Dix ans après les accords d’Oslo entre Israéliens et Palestiniens, trois ans après l’échec des négociations de Camp David et de Taba, alors que les affrontements et les attentats se succèdent enfonçant deux peuples dans la douleur, la violence et la tragédie, peut-être une lueur de paix apparaît-elle aujourd’hui.
Certes, faible lueur apparemment, parce qu’elle n’est portée par aucune voix officielle et mandatée,
mais peut-être est-ce là justement la force de ce plan de Genève.
D’une part, il dit tout haut et écrit lisiblement ce que beaucoup pensent tout bas, d’autre part, il
oblige les autorités israélienne et palestinienne, mais aussi les puissances internationales, le fameux
quartet (Etats-Unis, Union européenne, Russie, Nations-unies), à dépasser l’échec de la « feuille
de route », lancée en décembre 2002, qui de piétinement en rupture n’a plus de réelle validité.
Le courage – faut-il dire le prophétisme ? – des deux personnalités phare de l’accord, l’ancien
ministre travailliste israélien Yossi Beilin et le ministre de l’Autorité palestinienne Yasser Abed Rabbo,
et de leurs amis, réside dans le volontarisme de la méthode.

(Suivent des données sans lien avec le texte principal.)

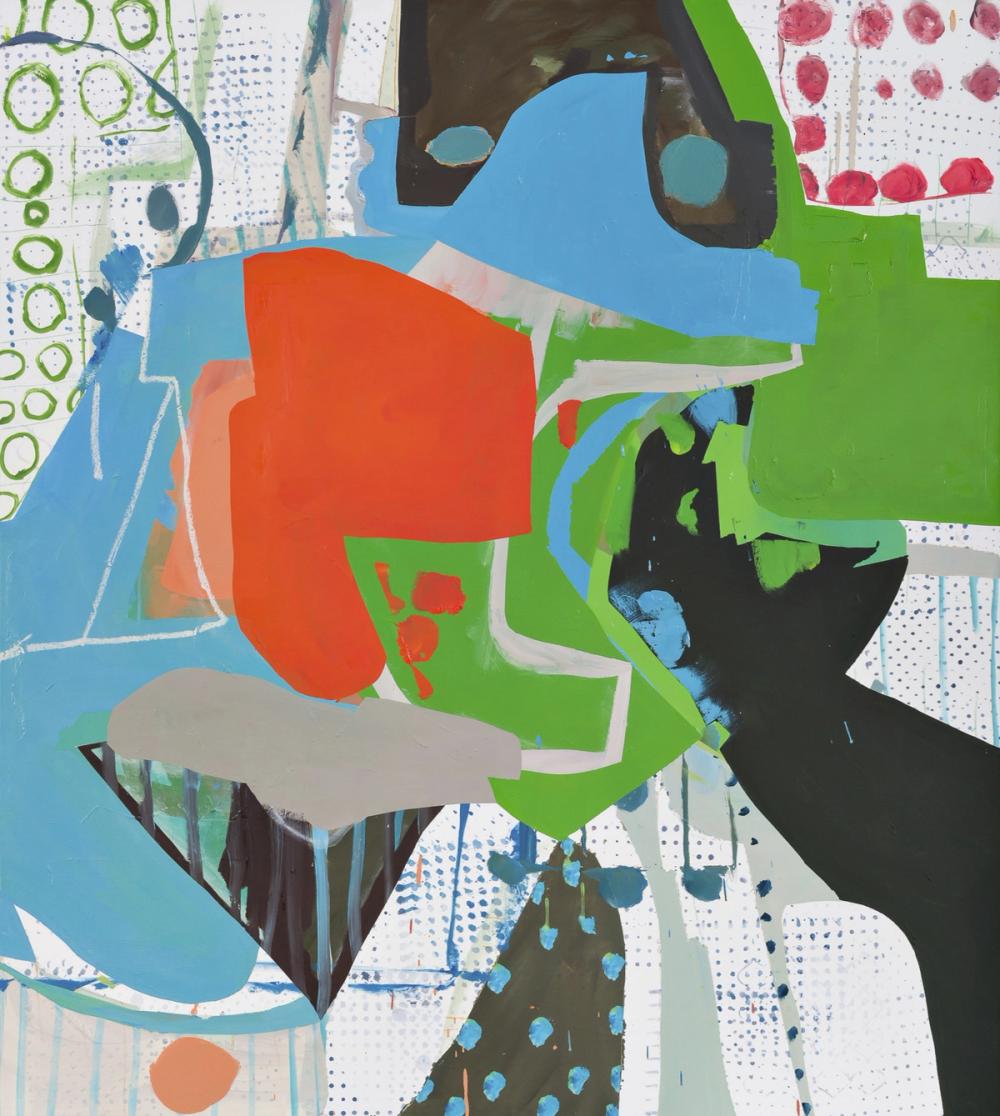 Thought Loop, 2019, acrylic and oil on canvas, 50 x 45 in.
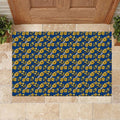 Parramatta Eels Rubber Doormat Tropical Hibiscus Floral Seamless Rugby Mascot
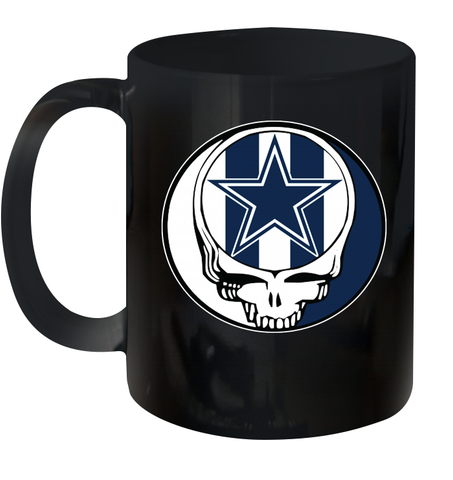 Dallas Cowboys Grateful Dead Steal Your Face NFL Football Ceramic Mug 11oz Ceramic Mug 11oz / Black / 11oz Ceramic Mug 11oz - VeigarTee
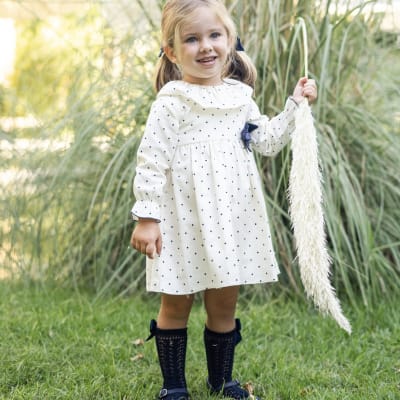 Vestido crudo puntitos azul5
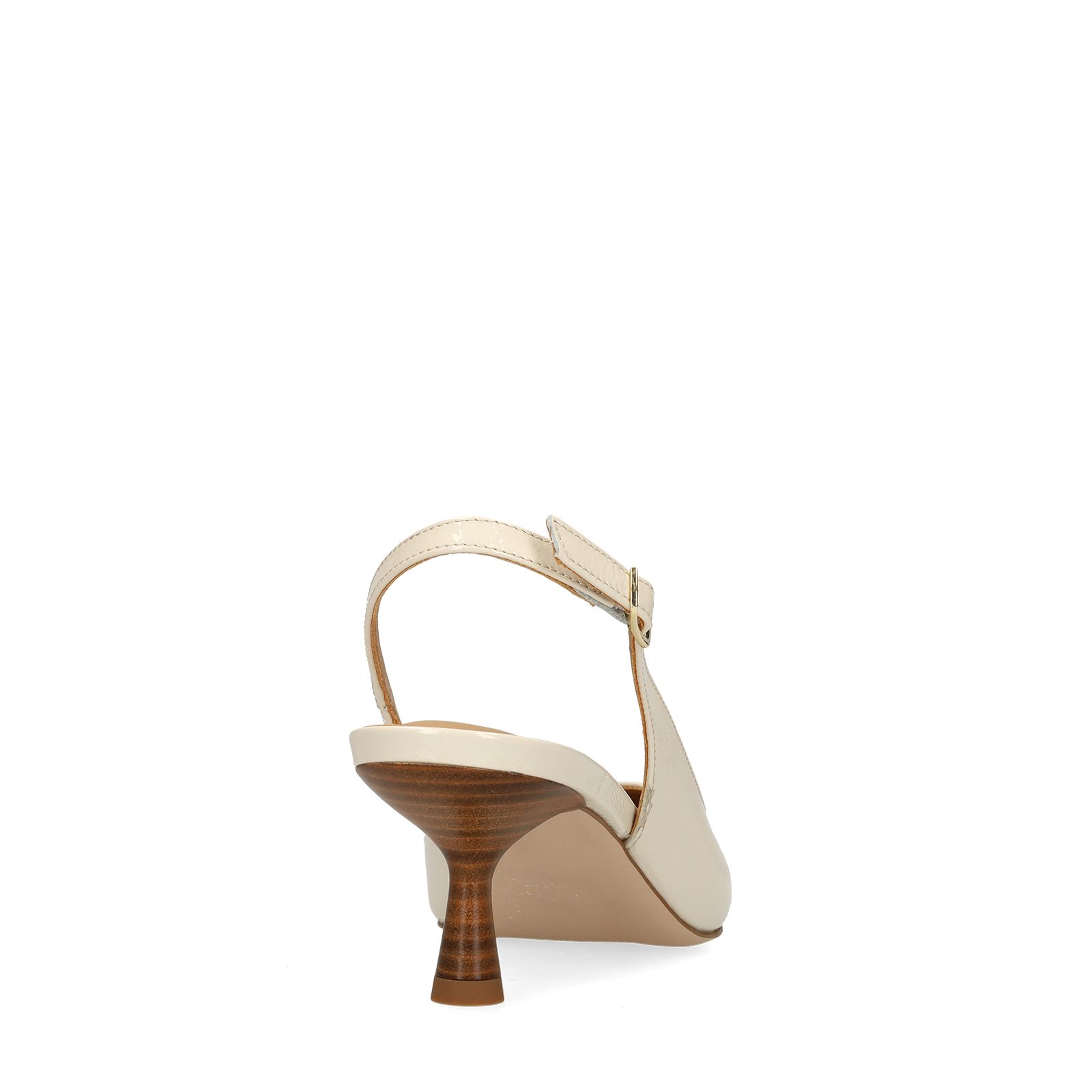 Off white lakleren slingbacks
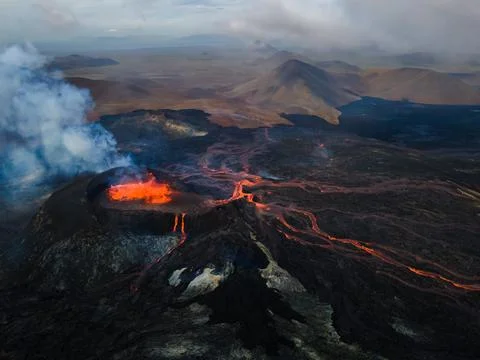 Impressive view of the exploding red lava of the Active Volcano Stock Photos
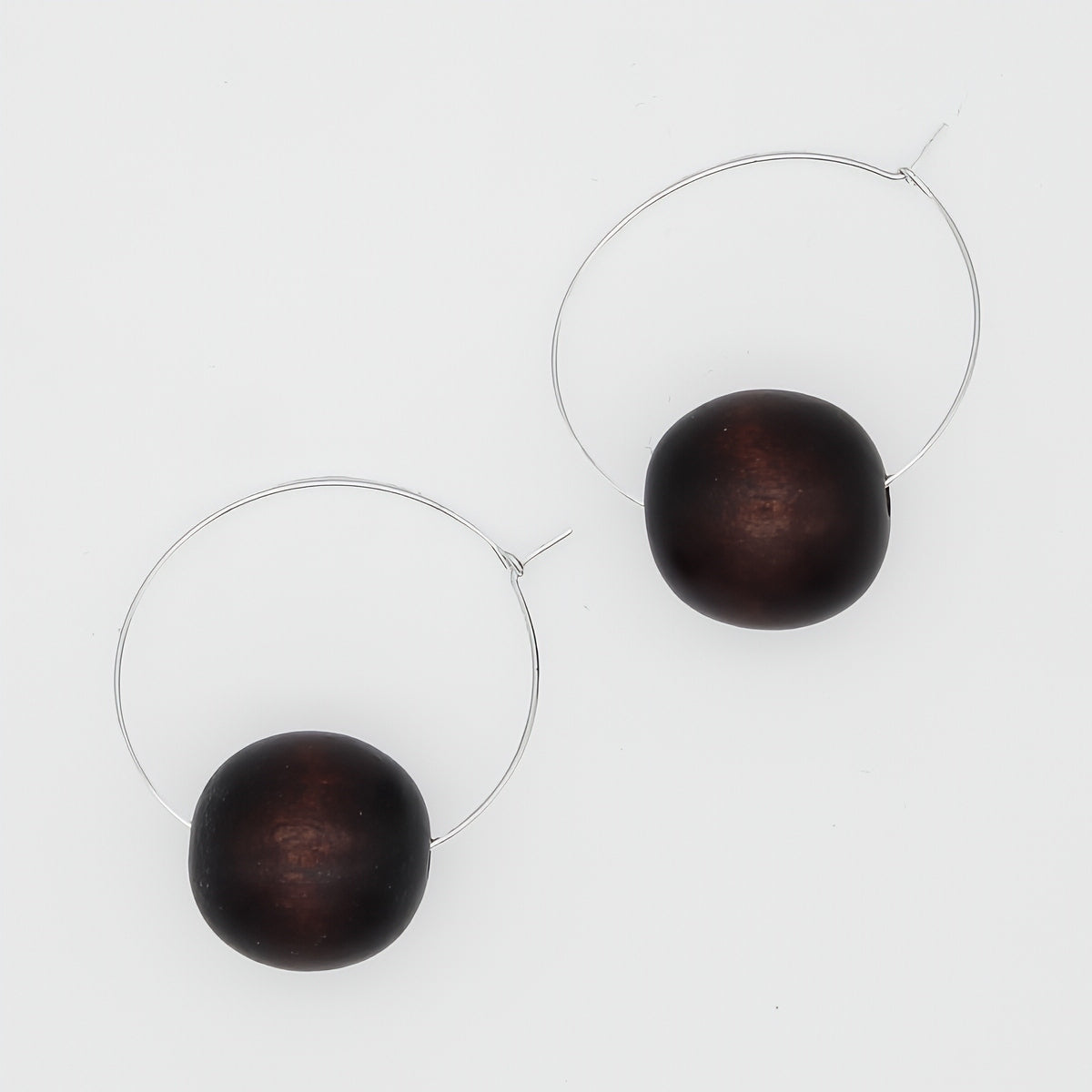 Brown Ball Hoop Dangle Earring - Sylca Designs - Chunky Jewelry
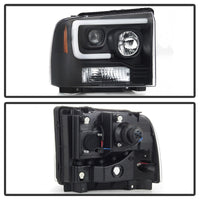 SPYDER Spyder Ford F250/350/450 05-07 Projector Headlights - Light Bar DRL LED - Black PRO-YD-FS05V2-LB-BK - Lights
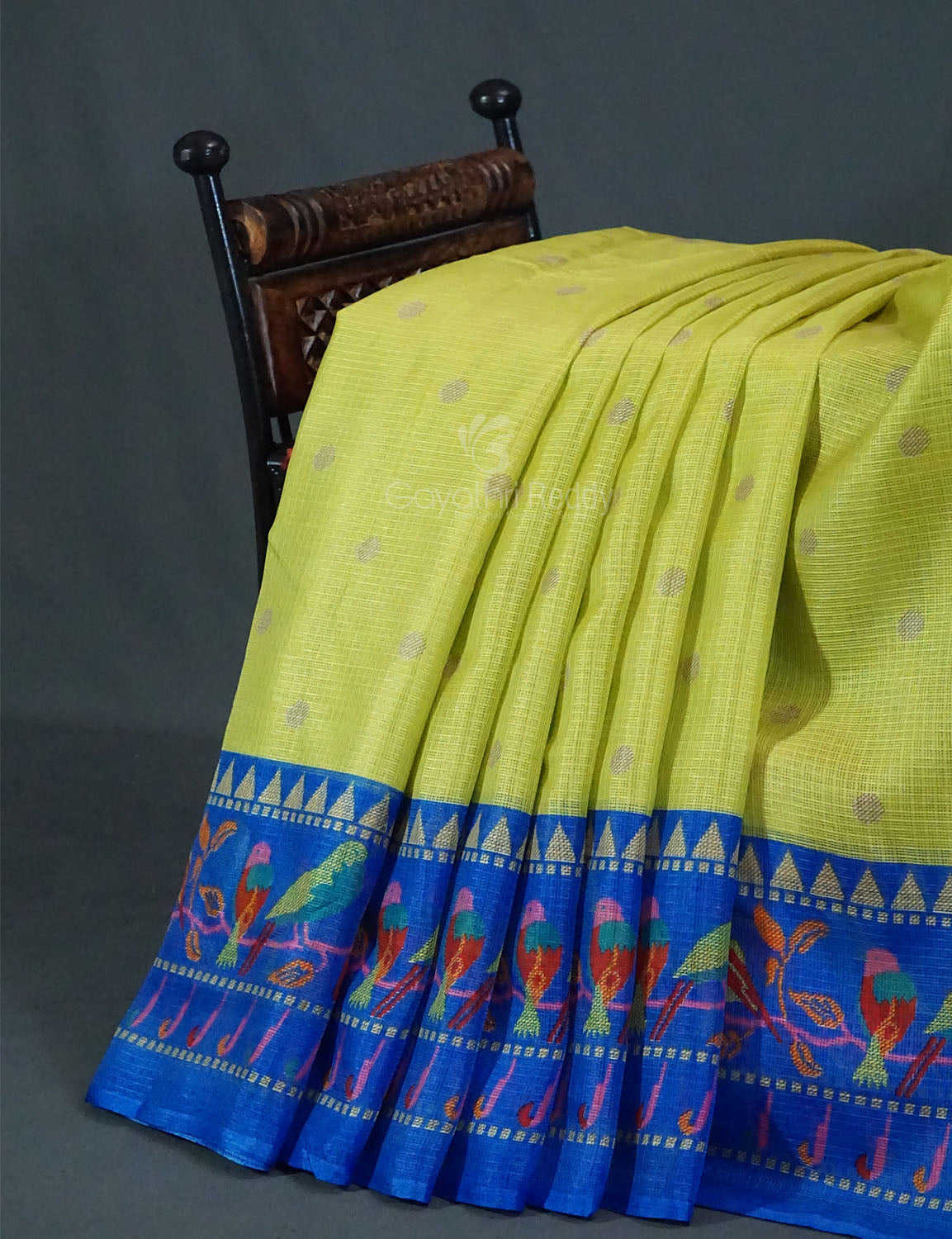Parrot Green Colour With All Over Buttes Semi Silk Kota Saree By Gayathri Reddy Designer Studio | Swadesiicart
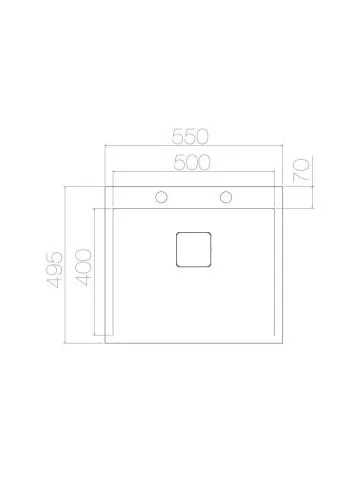 Podgradna sudopera Laweo AS 251 inox 9x9cm 55×49,5cm - 1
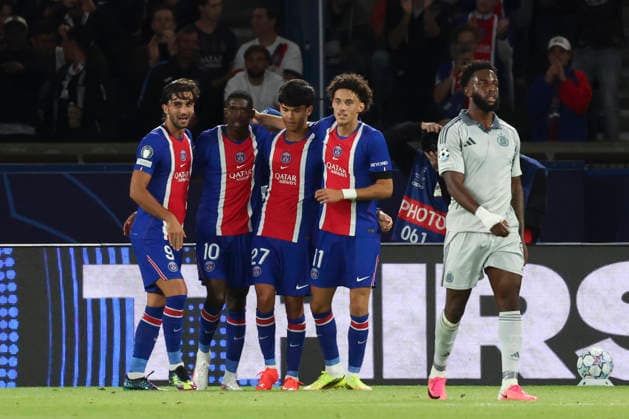 FOOTBALL : Paris Saint Germain Vs SK Slovan Bratislava - Ligue des Champions - 09 09 2026 Joie sur le 2eme but de Ousmane Dembele (Paris Saint Germain) ParisFrance  Copyright: xMichaelxBaucherx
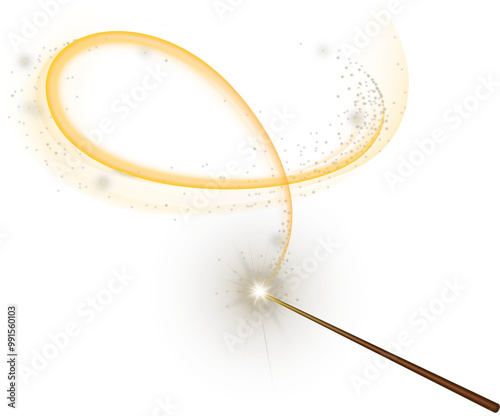 Magic wand with fairy colorful swirl light trail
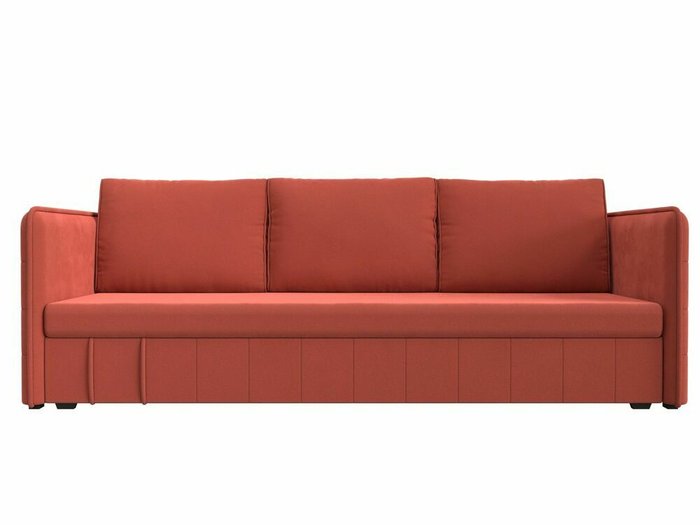 Прямой диван-кровать Слим кораллового цвета - купить Прямые диваны по цене 24999.0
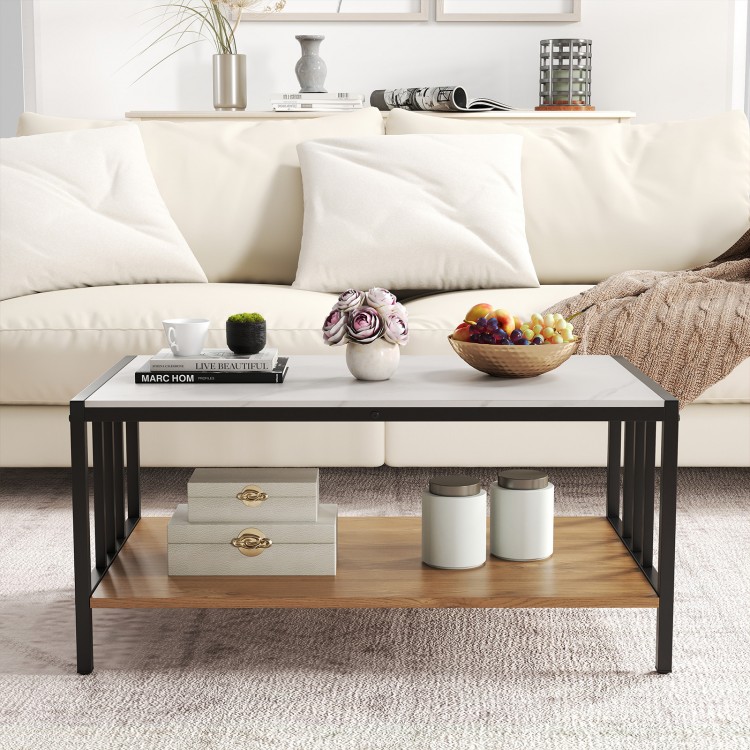 2 Tier coffee table with sintered stone tabletop in white, featuring dual-layer storage and a faux marble texture for.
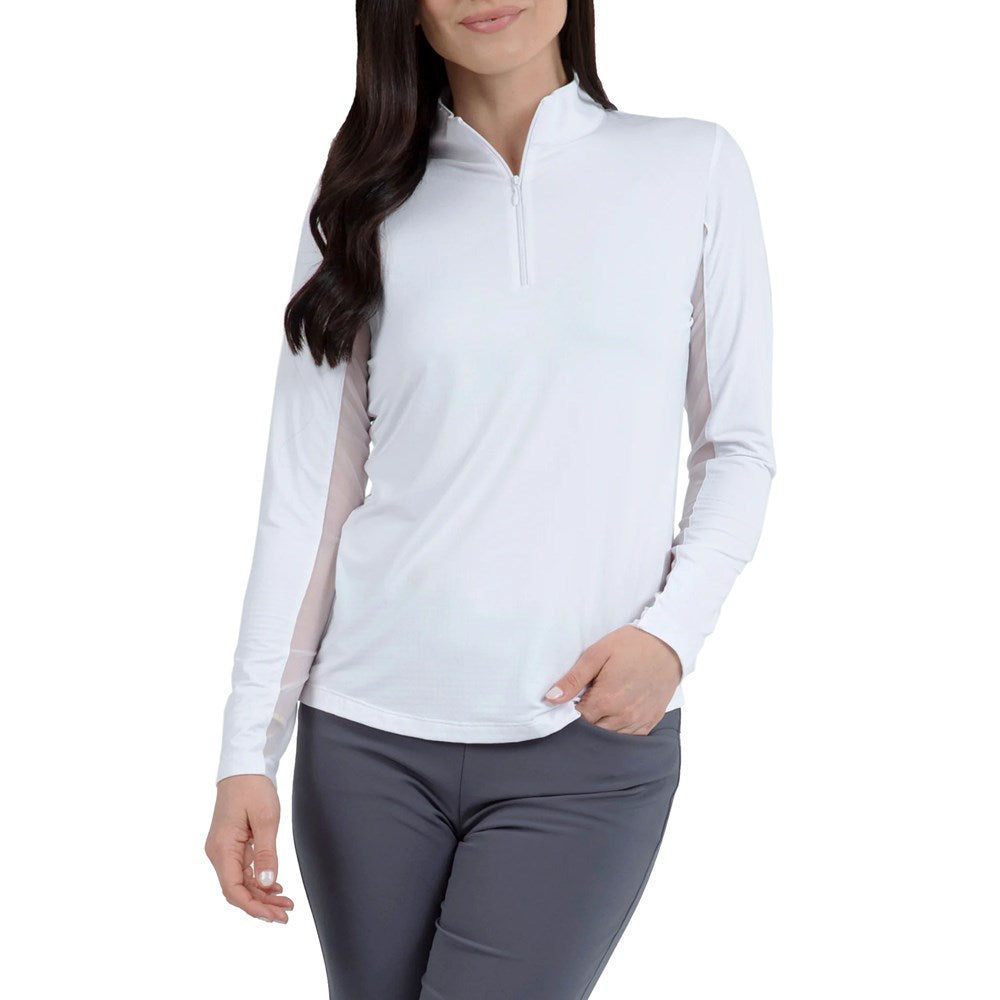 IBKUL Women's Solid Long Sleeve Zip Mock Neck Golf Top - White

On ne parviendra à l’établissement d’un
vrai plan de paix, disent les auteurs, que si l’on refuse tout préalable, tout retour conditionnel du calme
et toute fixation d’une nouvelle phase intérimaire à la durée et au contenu, sources de discussions
stériles et de frustrations. Il faut immédiatement s’attaquer aux questions de fond.
Celles-ci sont connues, mais l’accord de Genève les envisage dans une perspective historique et politique, en obligeant les parties à mettre cartes sur table, sans faux fuyants ni marchandages de bas étage.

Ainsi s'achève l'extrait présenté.